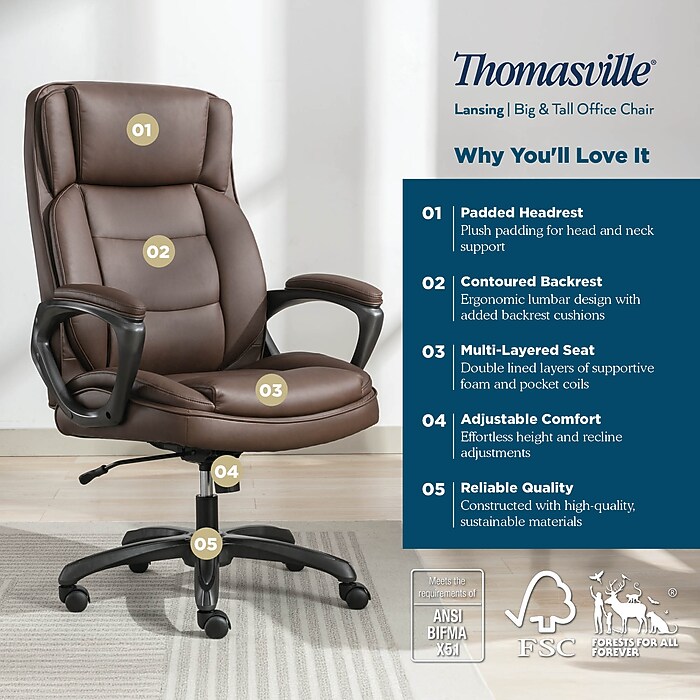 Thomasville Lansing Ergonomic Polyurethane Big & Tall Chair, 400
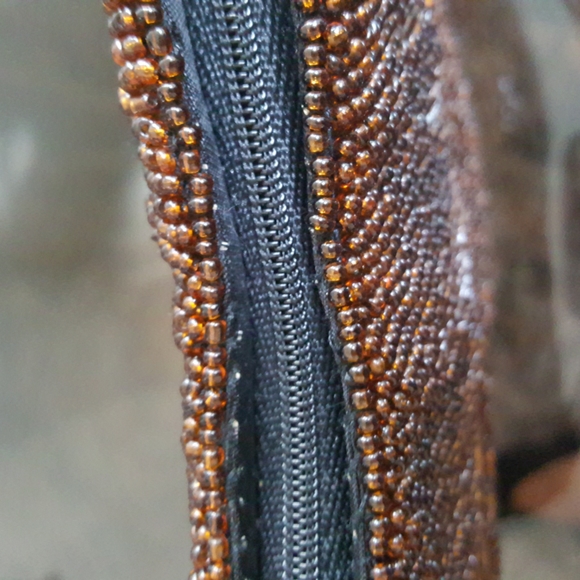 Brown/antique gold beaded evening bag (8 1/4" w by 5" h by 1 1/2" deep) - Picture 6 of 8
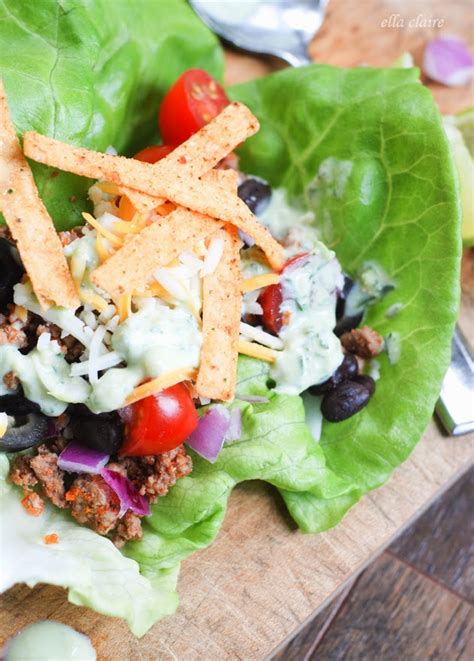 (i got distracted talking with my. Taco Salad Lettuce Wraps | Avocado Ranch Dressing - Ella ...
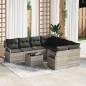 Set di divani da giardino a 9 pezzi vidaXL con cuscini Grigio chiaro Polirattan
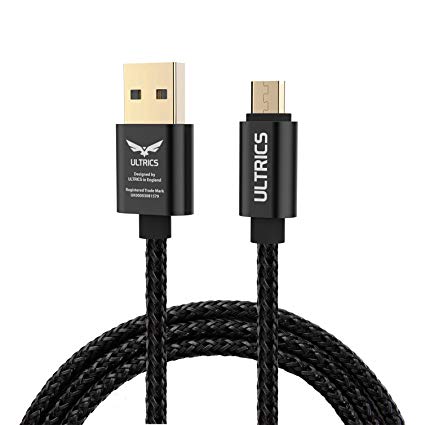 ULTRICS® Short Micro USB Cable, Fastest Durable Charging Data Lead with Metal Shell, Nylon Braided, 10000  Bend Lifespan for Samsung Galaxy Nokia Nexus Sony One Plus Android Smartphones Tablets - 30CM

- DIRECTIONS FOR THIS TASK -
Leave every picture out and print exactly the lines from the one that contains "Set di divani" through the last line of the material above.

- SOLVED PROBLEM -
 Set di divani da giardino a 9 pezzi vidaXL con cuscini Grigio chiaro Polirattan
 ULTRICS® Short Micro USB Cable, Fastest Durable Charging Data Lead with Metal Shell, Nylon Braided, 10000  Bend Lifespan for Samsung Galaxy Nokia Nexus Sony One Plus Android Smartphones Tablets - 30CM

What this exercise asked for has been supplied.